Madre adalah buku karya Dee Lestari berisi kumpulan cerita fiksi di dalamnya. Ia dibagi ke dalam 13 cerita yang berbeda. Cerita utamanya sendiri memiliki judul sama dengan judul buku, Madre. Buku ini berhasil menyabet penghargaan, menjadi best seller hingga diangkat ke layar lebar.
Madre berkisah tentang seorang pria keturunan India-Tionghoa bernama Tansen Roy Wuisan yang tiba-tiba menjadi ahli waris sebuah toko roti kuno bernama Tan de Bakker di tengah Jakarta. Bersama Pak Hadi, salah satu mantan pegawai toko roti, Tansen mengetahui masa lalu keluarganya yang nantinya berhubungan dengan Madre, “ibu” adonan biang. Tansen yang tidak memiliki keahlian sama sekali akan dunia artisan sedikit demi sedikit membangkitkan toko roti tersebut bersama Madre, Pak Hadi dan temannya, Mei.
Buku ini tidak sembarang menyuguhkan cerita tentang sebuah toko roti. Toko roti ini memiliki sejarahnya sendiri. Ia dibangun oleh kakek Tansen, Tan Sin Gie, setelah kematian istrinya, Lakshmi. Mereka berasal dari etnis berbeda, Tionghoa dan India. Kedua keluarga tidak menyetujui pernikahan tersebut dan mengusir mereka.
Keduanya bangkit dari keterpurukan bersama-sama. Lakshmi yang ahli mengulen adonan roti kemudian membuat Madre. Hanya ia seorang yang mampu memperlakukan Madre dengan benar. Tanpa tuannya Madre menjadi biang roti yang mati suri di kulkas tua sambil menunggu kedatangan tuan berikutnya, Tansen.
Kekurangannya terletak pada cerita Madre yang kurang panjang dan detail. Hal ini mengingat Madre sendiri adalah kumpulan cerita. Maka dari itu cerita Madre dibuat cukup ringkas.
Hal menarik dari Madre adalah Madre itu sendiri. Madre diperlakukan layaknya manusia. Ia dirawat sebaik mungkin oleh Pak Hadi dan Tansen. Ia pun sudah seperti keluarga bagi para pegawai Tan de Bakker.

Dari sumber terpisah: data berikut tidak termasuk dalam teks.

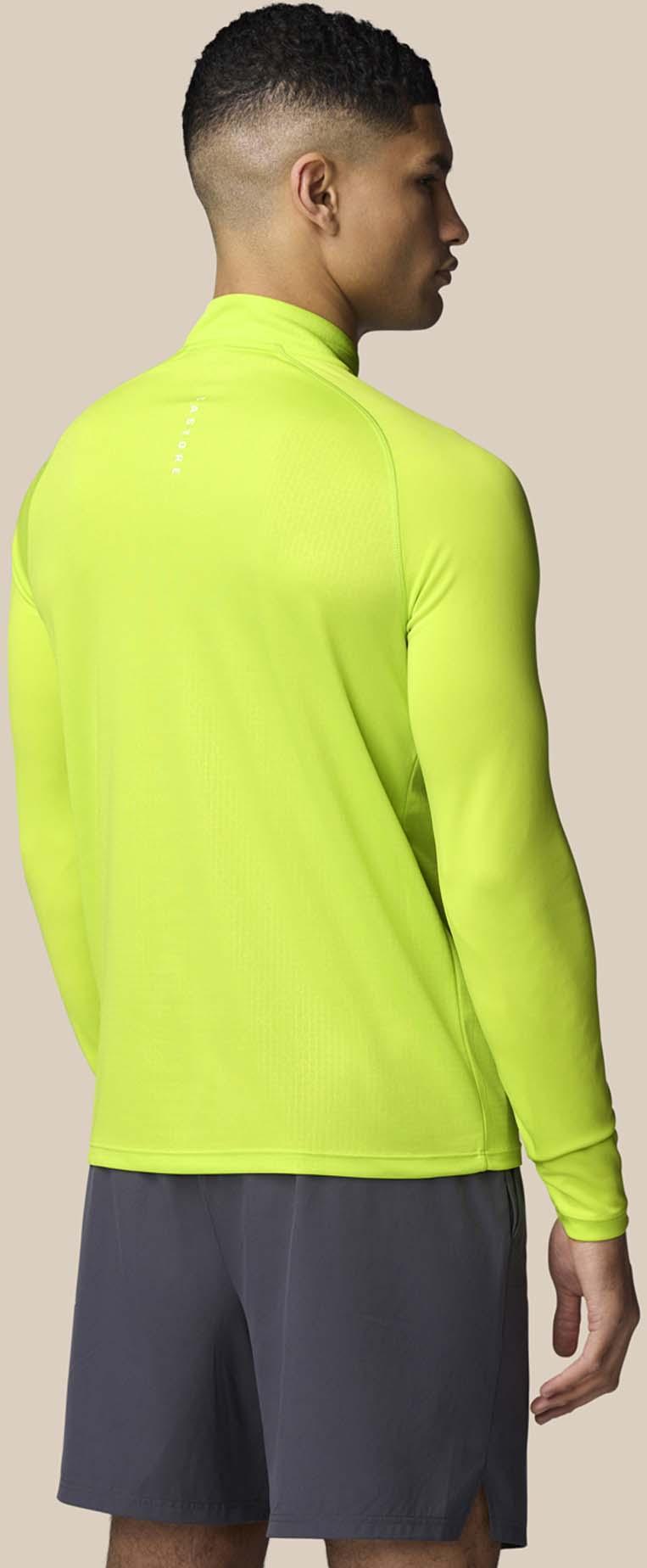 Aop 1/4 Zip Ls Top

“Kamu betul. Bagi kami, Madre itu seperti keluarga sendiri,” ujarnya pelan. “Madre bukan adonan biasa. Dia hidup.” (Hal. 8)
Tanpa Madre, toko roti itu tidak akan mampu hidup dan bertahan. Madre mungkin hanyalah adonan biang biasa di mata awam. Akan tetapi Madre adalah saksi sejarah persatuan dua ras dan budaya yang mengajarkan toleransi serta memberikan kehidupan bagi segelintir manusia.
Meskipun cerita Madre adalah tokoh utamanya, bukan berarti karya Dee lainnya di dalam buku Madre tidak kalah apik. Cerita-cerita yang disuguhkan Dee memberikan rasa hangat dan terkadang menampar kehidupan itu sendiri. Buku ini sangat cocok bagi kamu yang menyukai bacaan ringan dan ngena.